The Grey Avalanche Coming to Dentistry

The Grey Avalanche Coming to Dentistry

Across the UK, NHS dentistry is vanishing, there is a cost of living crunch, and there are service stopping gaps in the dental workforce. If that sounds bleak, it may still miss one of the biggest challenges for those planning dental care in the coming years. A recent report from the University of Colorado provides a timely reminder for those in charge of UK dental public health, that demographic changes are not on their side.

In an interview headlined, “Ageing Americans Foreshadow Oral Healthcare Crisis,” Dr Bruce Dye, speaks from his perspective as the Department Chair for Community Dentistry and Population Health and the Delta Dental Endowed Chair of Early Childhood Caries Prevention at the University of Colorado School of Dental Medicine.

This follows a study among Medicare beneficiaries in American nursing homes which underlined the consequences of inadequate oral health. It also showed major inequalities between ethnic groups.

In a Q&A, based on an interview with the Journal of the American Medical Association network, Dr Dye, commented on the study and the need for expansion of Medicare coverage to routinely include dental care.

He referred to a “grey tsunami” – of retirement-age people, “Every American has access to medical care at age 65 and older, but they don’t for dental health,” Dye said. “And oral health and general health, we know are strongly interconnected.”

Back in the UK with more of the public opting for private dentistry, little thought has been given to how they will manage if their income drops when they retire.

Dr Dye’s observation about the USA situation is likely to mirror the situation for a significant number of UK private patients on retirement: “I think it would be fair to say that as more people age, they’re not going to have access to the dental care they have been used to – unless they have the economic means to be able to buy it. That is the crux of the problem. Because if you can’t access care regularly, you’re more likely to have poor oral health over your remaining lifespan.”

In the USA Medicare does not always provide a dental benefit, leaving more than half of people over the age of 65 without any dental insurance. This is the largest demographic in the United States with no dental insurance. In the USA one solution would be to extend Medicare.

Just as in the UK, an apparent saving made by ignoring dental care, be it by the NHS or Medicare, is going to add to costs in the long run. Dr Dye explained, “And it’s going to cost our society through the other side of Medicare – spending more and more money taking care of chronic conditions that may be exacerbated by poor oral health.”

Speaking about the particular dental health risks in older patients he highlighted root caries and the cumulative effects of periodontal diseases. He added that some oral cancers were more prevalent in older patients, which in combination with the other known risk changes may make the push to biennial recalls in the UK look like a false economy.

Dr Dye went on to point out that nutrition was not just of biological importance, but impacts quality of life since many customs, celebrations and other events revolve around food.

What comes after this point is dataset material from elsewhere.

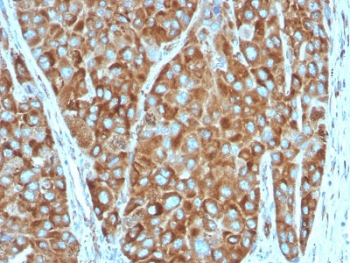 RPSA Antibody / 40S Ribosomal protein SA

To quote Dr Dye: “Oral health in a person’s golden years is a numbers game. The more natural teeth people retain – ideally at least 20 – the greater their quality of life and the lower their risk of chronic disease. For the 51% of Americans on Medicare who lack dental care, the odds are stacked against them.”

Despite the differences between Medicare and the NHS, the odds for older people in the UK may be no better. A government and NHSE stuck in crisis management mode will be too preoccupied with tomorrow’s headlines, to look ahead to this challenge.